Estimates from hurdle_lognormal() hurdle and positive components are mirror image

I’m fitting a hurdle lognormal model with an interaction like this:

fit1_ann <- brm(bf(biomass ~    depth_cat +  sst_mean_ann + sst_anom_ann + sst_mean_ann:sst_anom_ann,
             hu ~   depth_cat + sst_mean_ann + sst_anom_ann + sst_mean_ann:sst_anom_ann), 
            data = dat, family = hurdle_lognormal())

So both the lognormal and the binomial components have the same covariates.

Odd thing is the marginals for the terms that are interacting (sst mean and sst_anom) appear to be mirror images of each other.
Even stranger is that there is no correlation in the chains when you plot the samples for the terms that look to be reflections.
See below figure. For instance, the b_sst_anom_march (lognormal coefficient) term is pretty much a reflection of the b_hu_sst_anom_march term (coefficient for the logit hurdle). Same goes for the other terms related to sst.

Is this behaviour expected of a lognormal hurdle? I’ve never seen this before in other applications of hurdle models.


Hm, I’m really not sure, just sharing thoughts… If you have high variance in the outcome variable, that could mean that you’d have a lot of 0’s and a lot of very high values, which could maybe generate the “mirror” pattern. The comparable magnitudes are probably due to same scaling of the independent variables so that in sum it looks like a mirror image… idk. Does the model generate sensible predictions (i.e. posterior predictives)?

Thanks Max.
That’s good intuition.
The predictions for the expectation (ie probability of occurrence times expected outcome when present) do make sense to me, so that is reassuring. I’m wondering now if/how I can interpret the coefficients.
I ran the models separately, one model of presence/absences with a binomial logit and another with a lognormal just of the positive values.
When I do this all effects are in the same direction (e.g. positive effect of sst_anom_march for both models). So in the lognormal_hurdle, the coefficients for the binomial component seem to be switching signs.
I also re-ran the model with tighter prior (normal(0,2)) on the binomial slope coefficients, that seems to help somewhat. There a few good papers recommending such priors for logit models (with a flat prior the probability density ends up with high density for the binomial probability of 0 or 1).

I also have two random grouping effect in my fits (I excluded this to simplify the question, but seems pertinent now!).
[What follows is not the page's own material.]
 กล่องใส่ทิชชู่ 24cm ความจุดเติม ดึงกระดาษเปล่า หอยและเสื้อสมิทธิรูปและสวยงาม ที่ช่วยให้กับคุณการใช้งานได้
I’ll investigate their influence too. Perhaps the lack of all levels of the random effects in the model for the positive outcome (lognormal) is causing some problems.

Model of presence absence :

Lognormal model of positive values:

So I’ve resolved this.
I was interpreting the hurdle component back to front.
More negative values mean greater probability of positive values of the response. So its misleading to plot coefficients the way I have, I should reverse the sign of the hurdle coefficients so higher values mean greater probability of positive observations.
Its just a coincidence that the effect sizes in the hurdle component and lognormal component are similar magnitudes.

Here’s a reproducible example

x <- -20:50
n <- length(x)
a <- 0.1
y <- a*x + rnorm(n, sd=1)

a2 <- 0.2
intercept <- -2
#logit transform
prob1 <- exp(a2*x-intercept)/(1 + exp(a2*x-intercept))
plot(x, prob1,
     xlab = "x", ylab = "probability y > 1")

#Create lognormal data with stochastic zeros
resp <- exp(y)
resp[rbinom(n, 1, prob = 1-prob1) == 1] <- 0
plot(x, bio)

dattest <- data.frame(x = x, y = y, resp = resp)

fit1 <- brm(bf(resp ~ x,
               hu ~ x),
            iter = 2000,
            data = dattest, family = hurdle_lognormal())

#Expected outcome
gt <- conditional_effects(fit1, effects = "x")

#Expected value if resp > 1
gthu <- conditional_effects(fit1, effects = "x",
                            dpar = "mu")

#Probability resp >1
gtmu <- conditional_effects(fit1, effects = "x",
                            dpar = "hu")

plot(fitted(fit1, dpar = "hu")[,1], dattest$resp==0,
     xlab= "Predicted prob response = 0",
     ylab = "Response")